Deleting an interval would be largely the same: you truncate the intervals that the starting point and end point are inside of, and delete all the intervals inbetween.
The average and worst-case complexity of this are N/2 and N, where N is the number of intervals in the linked list. You could improve this by adding a method to avoid having to iterate over the whole list to find the starting point; if you know the range and distribution of the values, this could be something like a hash table; e.g. if the values are from 1 to X and the distribution is uniform, you'd store a table of length Y, where each item points to the interval that starts before the value X/Y. When adding an interval (A,B), you'd look up table[A/Y] and start iterating over the linked list from there. The choice of value for Y would be determined by how much space you want to use, versus how close you want to get to the actual position of the starting point. The complexities would then drop by a factor Y.
(If you work in a language where you can short-circuit a linked list, and just leave the chain of objects you cut loose to be garbage-collected, you could find the location of the starting point and end point independently, connect them, and skip the deletion of all the intervals inbetween. I don't know whether this would actually increase speed in practice.)

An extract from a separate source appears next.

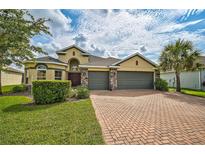 Two-story house with three car garage, brick driveway and landscaped lawn at 5514 69Th E Pl, Ellenton, FL 34222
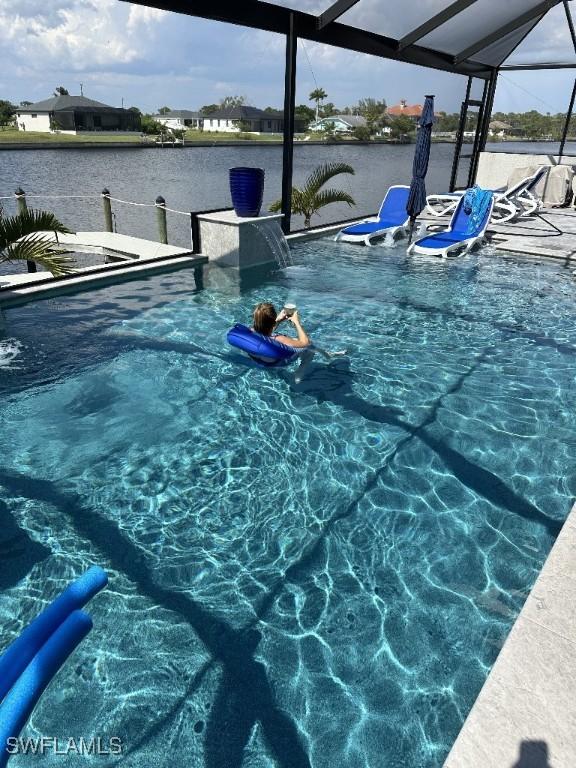 view of pool with pool water feature, a lanai, and a water view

Here's a start of a code example, with the three range functions, but without further optimisation:
function Interval(a, b, n) {
this.start = a;
this.end = b;
this.next = n;
}
function IntervalList() {
this.first = null;
}
IntervalList.prototype.addRange = function(a, b) {
if (!this.first || b < this.first.start - 1) {
this.first = new Interval(a, b, this.first); // insert as first element
return;
}
var i = this.first;
while (a > i.end + 1 && i.next && b >= i.next.start - 1) {
i = i.next; // locate starting point
}
if (a > i.end + 1) { // insert as new element
i.next = new Interval(a, b, i.next);
return;
}
var j = i.next;
while (j && b >= j.start - 1) { // locate end point
i.end = j.end;
i.next = j = j.next; // discard overlapping interval
}
if (a < i.start) i.start = a; // update interval start
if (b > i.end) i.end = b; // update interval end
}
IntervalList.prototype.delRange = function(a, b) {
if (!this.first || b < this.first.start) return; // range before first interval
var i = this.first;
while (i.next && a > i.next.start) i = i.next; // a in or after interval i
if (a > i.start) { // a in interval
if (b < i.end) { // range in interval -> split
i.next = new Interval(b + 1, i.end, i.next);
i.end = a - 1;
return;
}
if (a <= i.end) i.end = a - 1; // truncate interval
}
var j = a > i.start ? i.next : i;
while (j && b >= j.end) j = j.next; // b before or in interval j
if (a <= this.first.start) this.first = j; // short-circuit list
else i.next = j;
if (j && b >= j.start) j.start = b + 1; // truncate interval
}
IntervalList.prototype.hasRange = function(a, b) {
if (!this.first) return false; // empty list
var i = this.first;
while (i.next && a > i.end) i = i.next; // a before or in interval i
return a >= i.start && b <= i.end; // range in interval ?
}
IntervalList.prototype.addValue = function(a) {
this.addRange(a, a); // could be optimised
}
IntervalList.prototype.delValue = function(a) {
this.delRange(a, a); // could be optimised
}
IntervalList.prototype.hasValue = function(a) {
return this.hasRange(a, a); // could be optimised
}
IntervalList.prototype.print = function() {
var i = this.first;
if (i) do document.write("(" + i.start + "-" + i.end + ") "); while (i = i.next);
document.write("<br>");
}
var intervals = new IntervalList();
intervals.addRange(100,199);
document.write("+ (100-199) → "); intervals.print();
intervals.addRange(300,399);
document.write("+ (300-399) → "); intervals.print();
intervals.addRange(200,299);
document.write("+ (200-299) → "); intervals.print();
intervals.delRange(225,275);
document.write("− (225-275) → "); intervals.print();
document.write("(150-200) ? " + intervals.hasRange(150,200) + "<br>");
document.write("(200-300) ? " + intervals.hasRange(200,300) + "<br>");
I'm surprised no one has suggested segment trees over the integer domain of stored values. (When used in geometric applications like graphics in 2d and 3d, they're called quadtrees and octrees resp.) Insert, delete, and lookup will have time and space complexity proportional to the number of bits in (maxval - minval), that is log_2 (maxval - minval), the max and min values of the integer data domain.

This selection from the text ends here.